© Casterman
Titre : La Vallée du Diable
Scénariste – Dessinateur – Coloriste : Anthony Pastor
Éditeur : Casterman
Parution : Août 2017
Prix : 20€
Florentin, Blanca, Pauline et Arpin débarquent au port de Sydney après avoir quitté le sol français pour diverses raisons propres à chacun, au lendemain de la première guerre mondiale. Sur les quais, ils font la connaissance de James Jacques, un Franco-Australien, et sa fille Marie. Ce dernier est interpellé par la petite troupe venant de Savoie, ce qu’il trouve exotique, et leur parle de Grande-Terre, la plus grande île de Nouvelle-Calédonie, où il peut leur fournir un abri et du travail. Cinq ans se sont écoulés, Florentin travaille avec Auguste, un kanak, le meilleur stockman de l’exploitation Jacques, et va bientôt être contremaître, Pauline a épousé – au grand dam de James – Arpin qui lui travaille dans les mines et s’absente pendant de longues périodes, Marie quant à elle aime Florentin – ce qui n’est pas réciproque – et Blanca prend de plus en plus part pour la cause des indigènes. Leurs rêves de justice sociale et de liberté ne sont pas vraiment au rendez-vous, d’autant plus que le contexte ne s’y prête pas. En effet, entre les libérés, le racisme, l’esprit colonialiste, le code de indigénat et les violences subies par les autochtones, les tensions montent entre blancs et kanaks. Sans compter les imbroglios sentimentaux, et ce jusqu’au point de non-retour…

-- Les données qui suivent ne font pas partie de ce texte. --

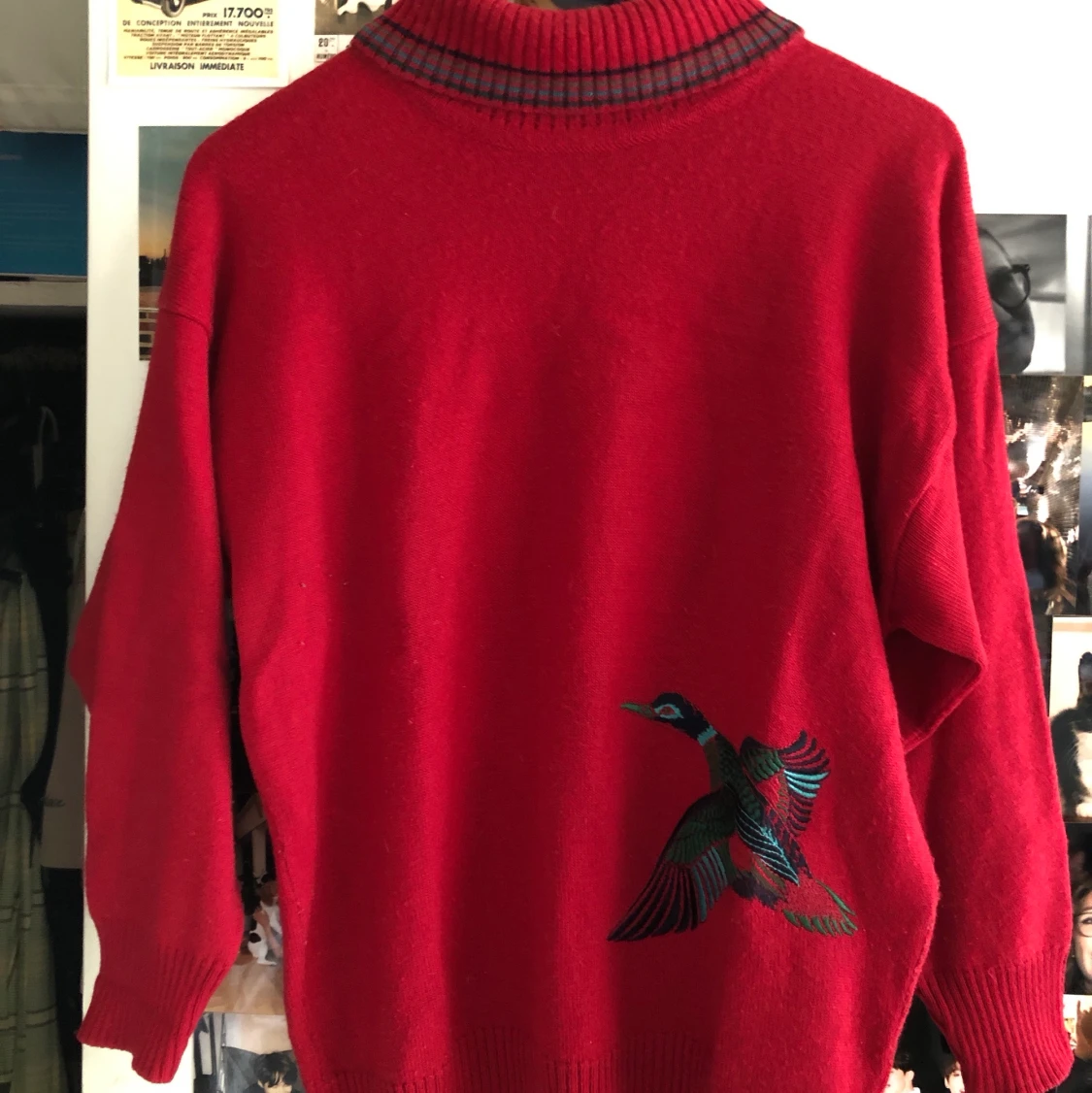 Röd ull tröja - 91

La Vallée du Diable peut être considéré comme la suite du Sentier des Reines puisqu’il raconte la suite du « road trip » de personnages qu’Anthony Pastor (Ice Cream) transporte dans un contexte complètement différent. Cependant, on peut le lire comme un one shot. L’auteur concentre ses attentions sur les relations amoureuses et sentimentales qui existent entre les protagonistes avec en toile de fond le colonialisme et des situations sociale et économique très tendues. Les conflits s’exacerbent entre eux pour aboutir à un climax assez violent porté par une tempête qui s’abat sur l’île. L’ensemble est très bien équilibré – découpé en trois chapitres et un épilogue – et donne une histoire à la fois passionnante et instructive. La partie Histoire est d’ailleurs bien complétée par un dossier de quatre pages réalisé par Isabelle Merle, historienne au CNRS. Un éclairage judicieux sur de nombreux points comme les colons pénaux ou libres, Koné – un centre de colonisation dit libre qui a inspiré Anthony Pastor et l’a renommée Banoa pour plus de liberté de création – ou encore le code de l’indigénat. Graphiquement, le rendu est en parfaite symbiose avec le récit. Un trait très réaliste à base de hachures déclinées de manières différentes en fonction des scènes d’action ou celles plus contemplatives. Le travail de mise en couleurs n’est pas en reste et dégage les ambiances voulues par les intentions scénaristiques.
Un très bel album qui éclaire les relations tumultueuses et contemporaines entre la France et la Nouvelle-Calédonie.